Chapter 2 Data sources

The Worldwide Mobile App User Behavior Dataset contains cross-country user behavior data collected through a survey conducted by Lim et al. for their research paper, Investigating Country Differences in Mobile App User Behavior and Challenges for Software Engineering, aiming to investigate the relationship between app user behavior and the country demographic. The dataset is made public and stored in Harvard Dataverse Repository, an open data repository organized by the Harvard community.

The survey collected responses from 10,208 participants spanning more than 15 countries, including the United States of America, China, Japan, Germany, France, Brazil, the United Kingdom, Italy, Russian Federation, India, Canada, Spain, Australia, Mexico, and Republic of Korea.

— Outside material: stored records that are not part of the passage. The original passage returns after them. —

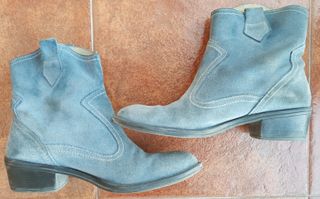 Botines azules bordados florales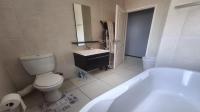 Bathroom 2 of property in Oakdene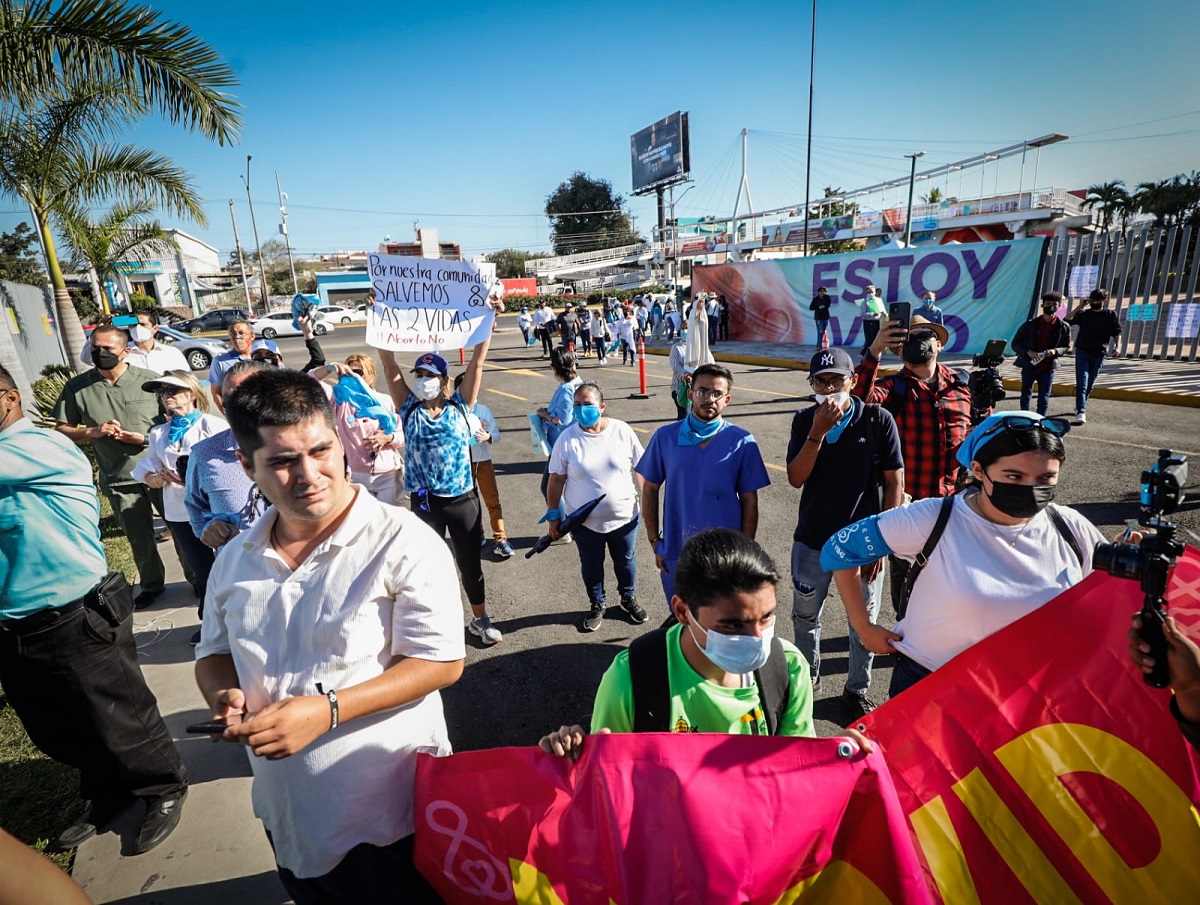 En el Día Internacional de la Mujer, legalizan y despenalizan el aborto en Sinaloa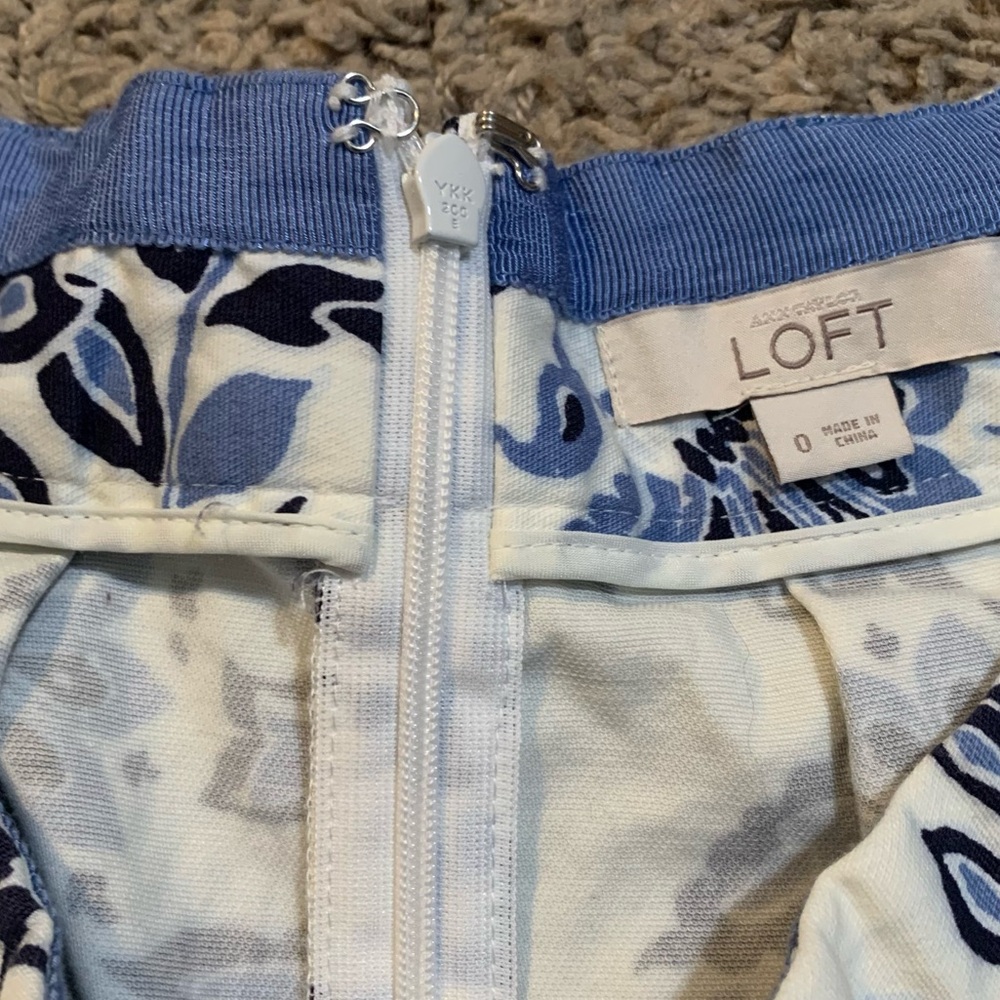 LOFT Pleated Blue White Skirt 0 - Picture 3 of 5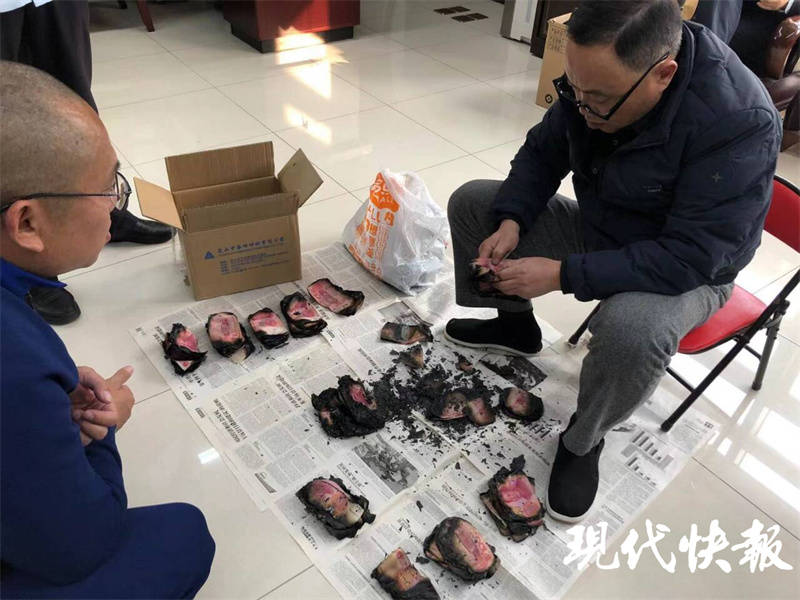 家中起火点燃10多万元现金<strong></p>
<p>虚拟币兑换现金</strong>，银行兑换出3.6万元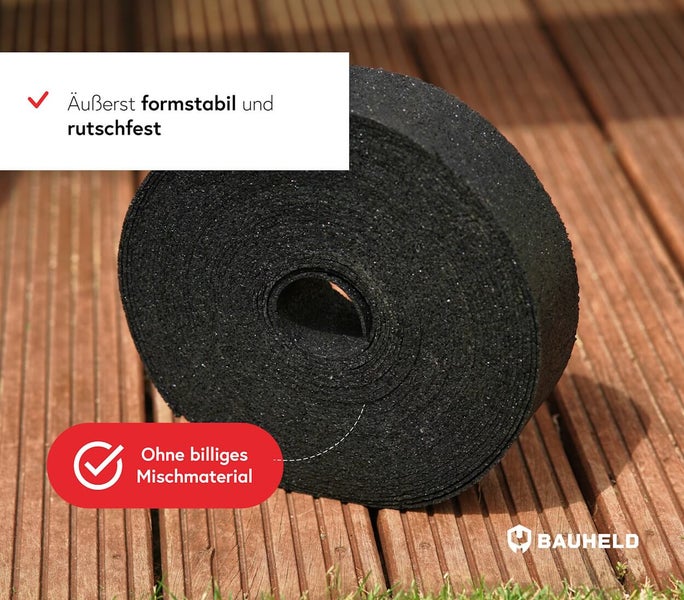 Rolle aus schwarzem Gummigranulat auf Holzboden für Terrassenbau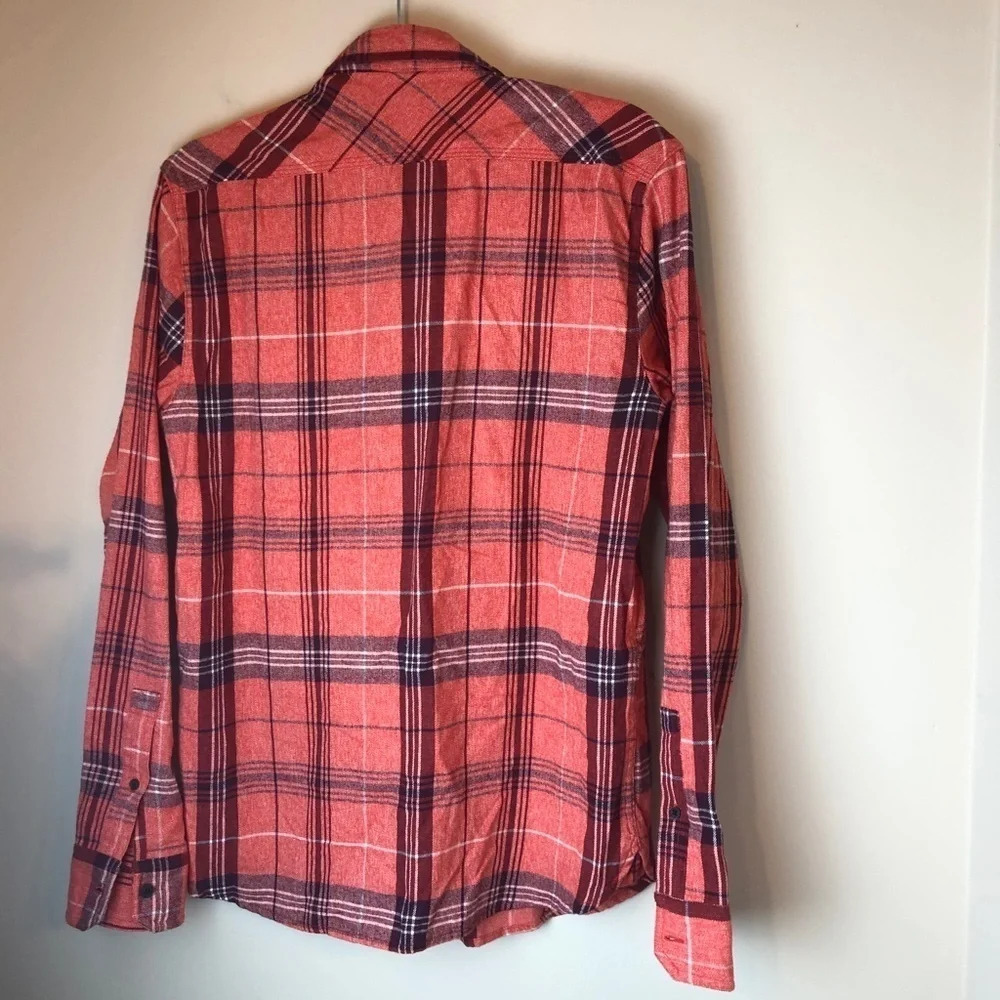 Levi's | Red Plaid Flannel Button Down Shirt - Picture 4 of 5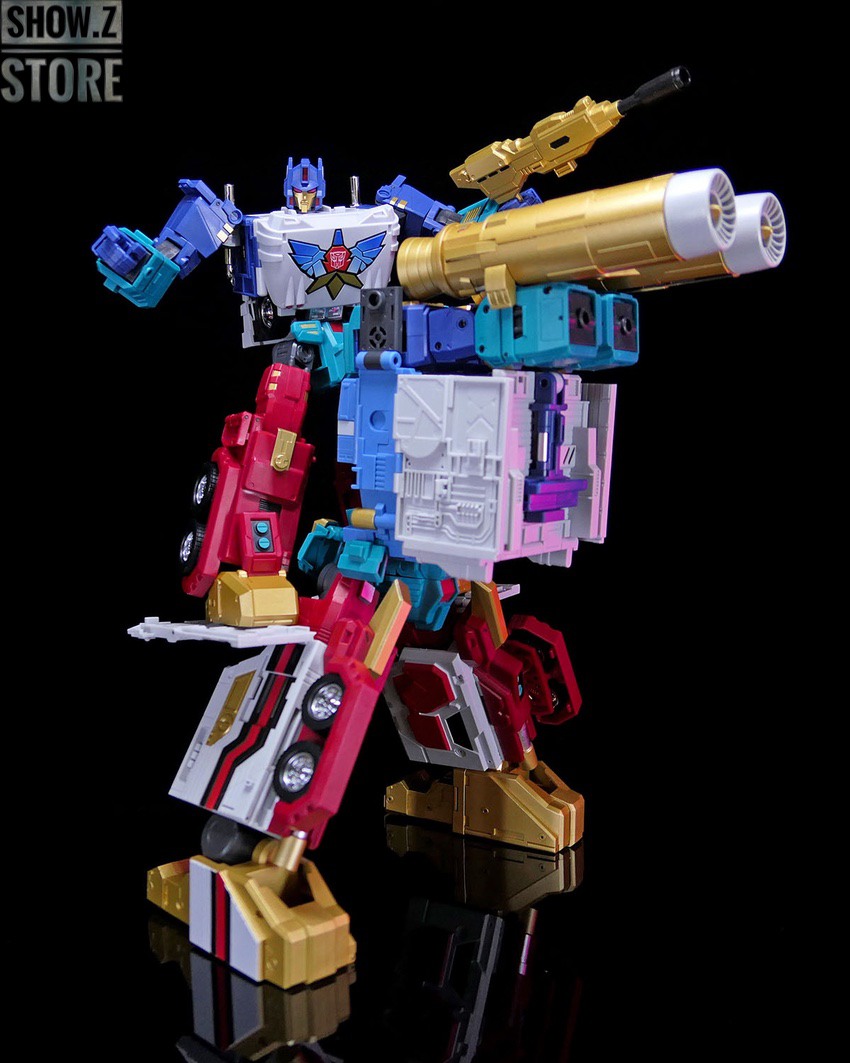 Lightning Eagle Thunderclash robot with dual cannon barrel weapons Lightning Eagle Thunderclash robot with dual cannon barrel weapons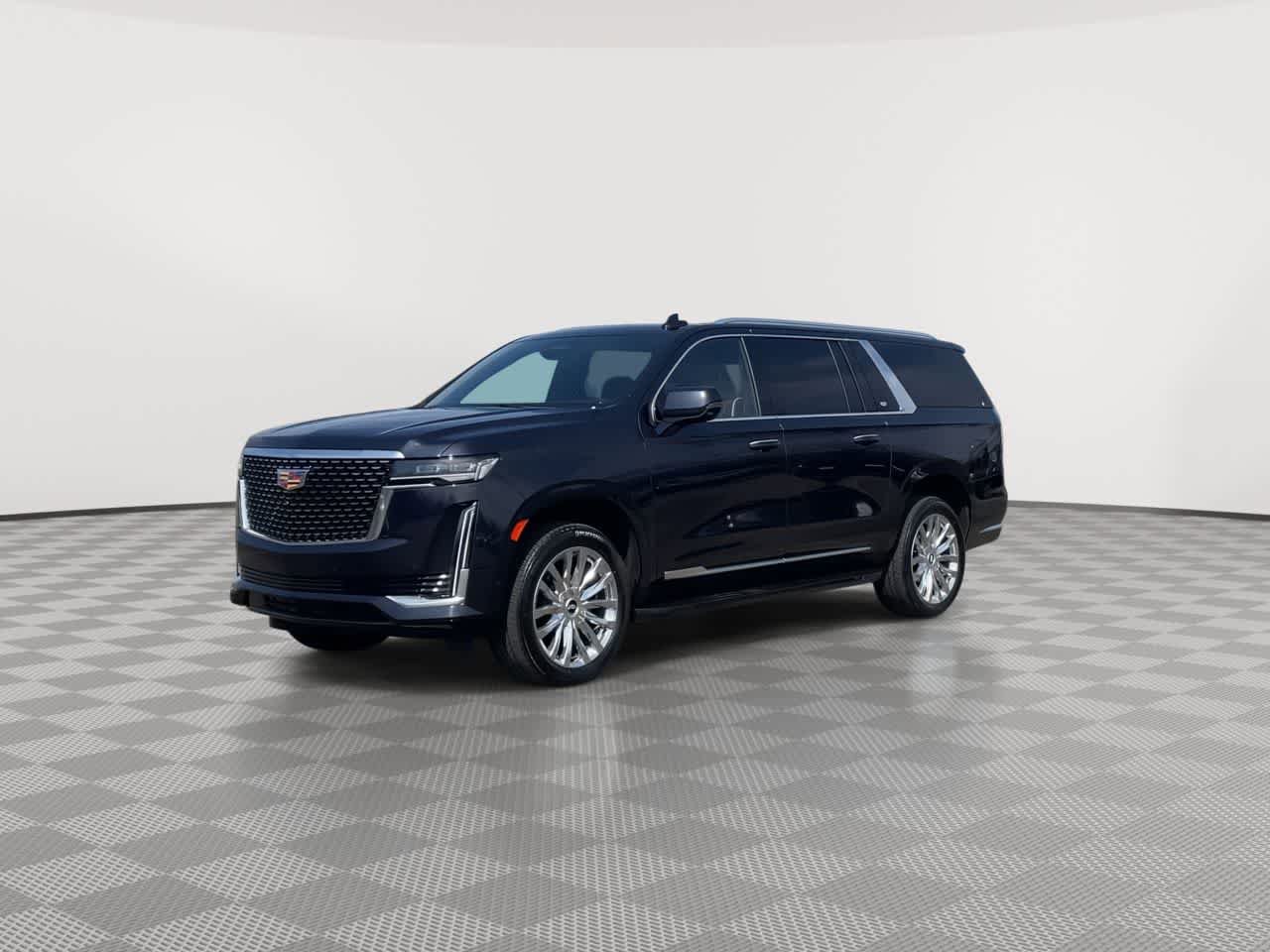 Used 2024 Cadillac Escalade ESV Premium Luxury image 4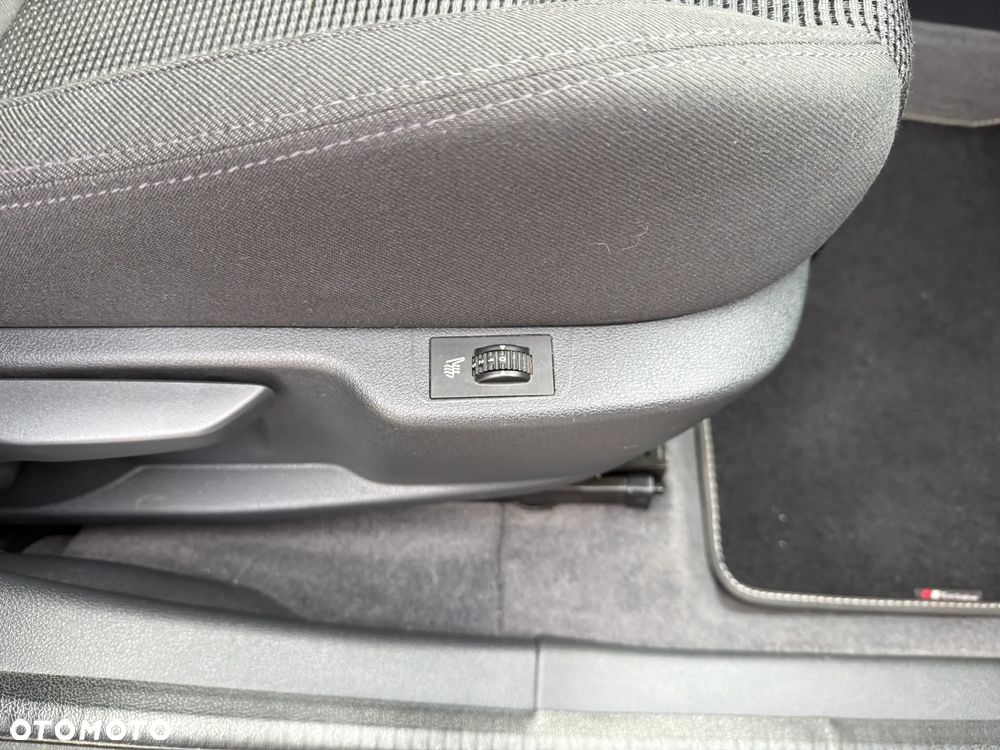 Peugeot 5008 2.0 HDi Family 7os - 24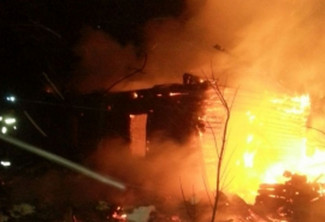 Стихия огня уничтожила срубовый дом на улице Калинина в Пензе 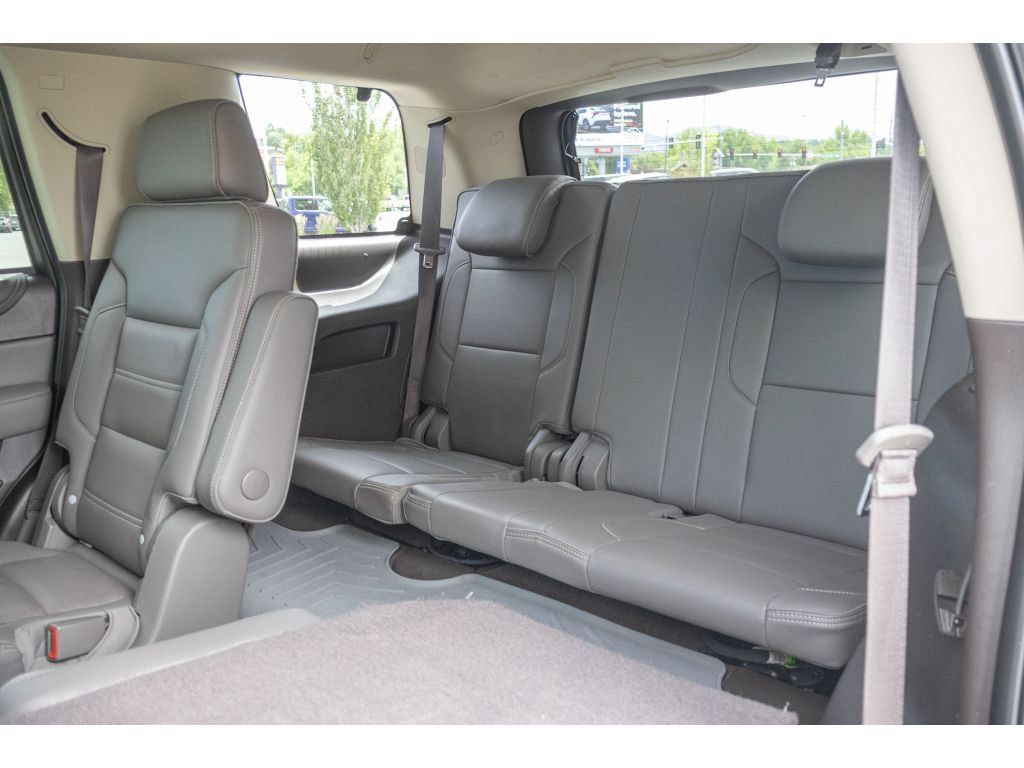 Used 2019 GMC Yukon Denali w/ Denali Ultimate Package AWD/4WD image 16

The questionnaire is threefold with 31 questions in total: the first part focuses on user behavior in terms of mobile app usage; the second part asks individual demographic information such as gender, age, and household income, etc; the third part is centered around user personality based on the Big Five personality traits.

A more detailed description about the attributes included in this dataset is as following:

Dataset: mobile_app_user_dataset.xlsx

Link to Harvard Dataverse Repository: https://dataverse.harvard.edu/dataset.xhtml;jsessionid=c4428c7c612c7607165aa4d0ebde?persistentId=doi%3A10.7910%2FDVN%2F27459&version=&q=&fileAccess=&fileTag=%22dataset%22&fileSortField=name&fileSortOrder=desc

Table 2.1: Column Description
ï Column Name	Description
ID	Unique ID for each participant
StartDate	Date and time the participant started this survey
EndDate	Date and time the participant completed this survey
Response Status	Response status: incomplete/complete/screened out/bad data
Participant Type	ours/panel
Q1_1	Browser type
Q1_2	Browser version
Q1_3	Browser operating system
Q1_4	Browser screen resolution
Q1_5	Browser flash version
Q1_6	Browser Java support
Q1_7	Browser user agent
Q2	Binary indicator of whether the respondent has a mobile device
Q3_1	Mobile device manufacturer
Q3_2	Mobile device model
Q3_3	Binary indicator of whether the respondent use apps
Q4_1	Type of app store
Q4_2	Binary indicator of whether the respondent knows which app store he/she is using
Q5	Frequency that the respondent visits app store to look for apps
Q6	Amount of app downloads per month
Q7	Under what situation does the respondent look for apps
Q8	Ways to find apps
Q9	Things to consider before downloading
Q10	Purpose of downloading
Q11	Reasons for spending money on apps
Q12_1	Maximum spending on an app
Q12_2	Name of the app that the respondent has spent the most
Q12_3	Reasons for downloading the app that the respondent has spent the most
Q12_4	Best/worst featue of the app that the respondent has spent the most
Q12_5	Average spending on apps per month
Q13	Reasons for rating apps
Q14	Reasons for stopping use an app
Q15	Type of downloaded app
Q16	Respondent’s gender
Q17	Respondent’s age
Q18	Respondent’s marital status
Q19	Respondent’s nationality
Q20	Respondent’s country of residence
Q21	Respondent’s first language
Q22	Respondent’s ethnicity
Q23	Respondent’s highest level of education
Q24	Respondent’s years of education
Q25	Wether the respondent has a disability
Q26	Respondent’s current employment status
Q27	Respondent’s occupation
Q28	Currency of household income
Q29	Annual household income
Q30	Personality traits

Issue with this dataset: this survey is self-reported and therefore, might be subjected and be influenced by factors such as individual experience and cultural background. Besides, many answers provided by participants are not exact but mostly approximations. For example, users might be unaware of the exact number of apps downloaded per month and use an approximation instead.